ARCHITECTURE behavior OF tb1 IS 
 
    -- Component Declaration for the Unit Under Test (UUT)
 
    COMPONENT parking_lot
    PORT(
         clk : IN  std_logic;
         reset : IN  std_logic;
         a_frnt : IN  std_logic;
         b_bck : IN  std_logic;
         count_out : OUT  std_logic_vector(2 downto 0);
         tick_out : OUT  std_logic;
         enter_car : OUT  std_logic;
         exit_car : OUT  std_logic
        );
    END COMPONENT;
    
 
   --Inputs
   signal clk : std_logic := '0';
   signal reset : std_logic := '0';
   signal a_frnt : std_logic := '0';
   signal b_bck : std_logic := '0';
 
    --Outputs
   signal count_out : std_logic_vector(2 downto 0);
   signal tick_out : std_logic;
   signal enter_car : std_logic;
   signal exit_car : std_logic;
 
   -- Clock period definitions
   constant T : time := 20 ns;
 
BEGIN
 
    -- Instantiate the Unit Under Test (UUT)
   uut: parking_lot PORT MAP (
          clk => clk,
          reset => reset,
          a_frnt => a_frnt,
          b_bck => b_bck,
          count_out => count_out,
          tick_out => tick_out,
          enter_car => enter_car,
          exit_car => exit_car
        );
 
   -- Clock process definitions
   clk_process :process
   begin
        clk <= '0';
        wait for T/2;
        clk <= '1';
        wait for T/2;
   end process;
    --*************
    -- reset 
    --************* 
 
    reset <= '1', '0' after T/2;
 
 
   -- Stimulus process
   stim_proc: process
   begin        
      wait until falling_edge(clk);
        --****************************
        -- No car
        --****************************
        
        a_frnt <= '0';
        b_bck <= '0';
        for i in 1 to 3 loop
            wait until falling_edge(clk);
        end loop;
        
        --**********************************************************
        -- car enters block a_frnt sensor
        --**********************************************************
        
        a_frnt <= '1';
        b_bck <= '0';
        for i in 1 to 3 loop
            wait until falling_edge(clk);
        end loop;
        
        --**********************************************************
        -- car enters block a_frnt sensor & b_bck sensor
        --**********************************************************
        
        a_frnt <= '1';
        b_bck <= '1';
        for i in 1 to 3 loop
            wait until falling_edge(clk);
        end loop;
        
        --**********************************************************
        -- car enters un-block a_frnt sensor & blocks b_bck sensor
        --**********************************************************
        
        a_frnt <= '0';
        b_bck <= '1';
        for i in 1 to 3 loop
            wait until falling_edge(clk);
        end loop;
        
        --**********************************************************
        -- car enters un-block a_frnt sensor & un-blocks b_bck sensor
        --**********************************************************
        wait for 10ns;
        a_frnt <= '0';
        b_bck <= '0';
        for i in 1 to 3 loop
            wait until falling_edge(clk);
        end loop;
        
        
        --******************************
      --terminate Simulation
      --******************************
 
        
 
        assert false
        report "NS Simulation Completed"
        severity failure; 
   end process;
 
END;


I did two simulations one with the test bench as above.

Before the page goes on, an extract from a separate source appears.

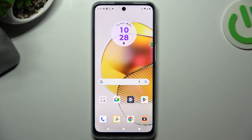Hello guys and welcome to the channel. Today I'm going to show you how you can recover deleted pictures on a Motorola device.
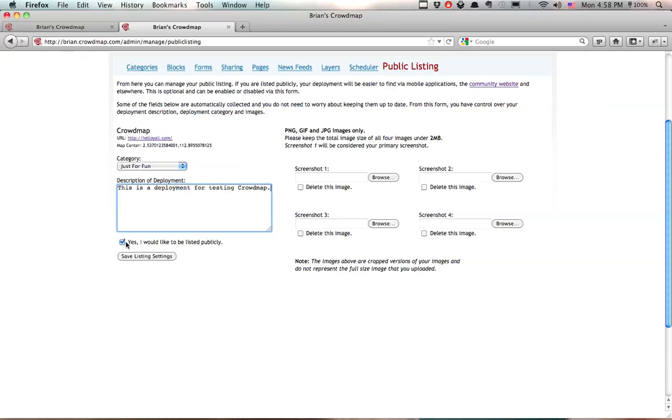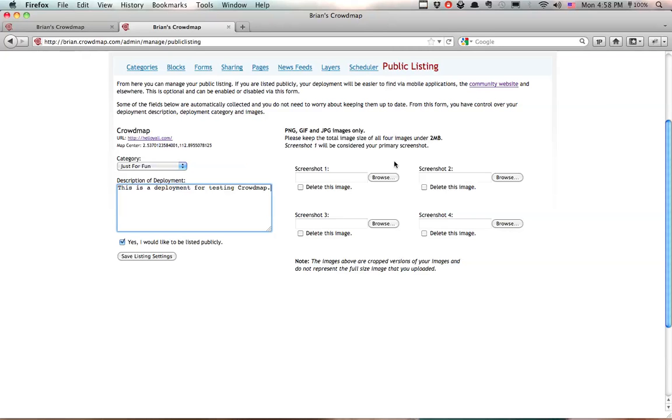And I'm going to leave this checked that, yes, I would like this to be listed publicly. Now, I'm also able to add a few screenshots. Under Screenshot 1, this is what's going to show up most of the time in search results. These other screenshots, Screenshot 2, 3, and 4, are auxiliary screenshots and aren't always used. But if somebody would like to display them, they can.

Other with line-120 (wait for 10ns) commented out

My simulation results with line-120 (wait for 10ns) commented out are:

enter_car_half_clk.png

My simulation results with test bench same as above are:

enter_car_full_clk.png

As it can be seen that 'enter_car' is ON for 1/2 clock cycle for 1st picture
& full-clock cycle for 2nd picture

This is what I am confused about as in what I am doing wrong here (what do I need to do to get the enter_car asserted for FULL Clock cycle)
 

Its probably because enter_car is a combinatorial output, and in state 3, if a_front and b_front are '0', enter_car will be '1'.

It would probably make more sense if you registered all the outputs and created a single process state machine, rather than 2 process.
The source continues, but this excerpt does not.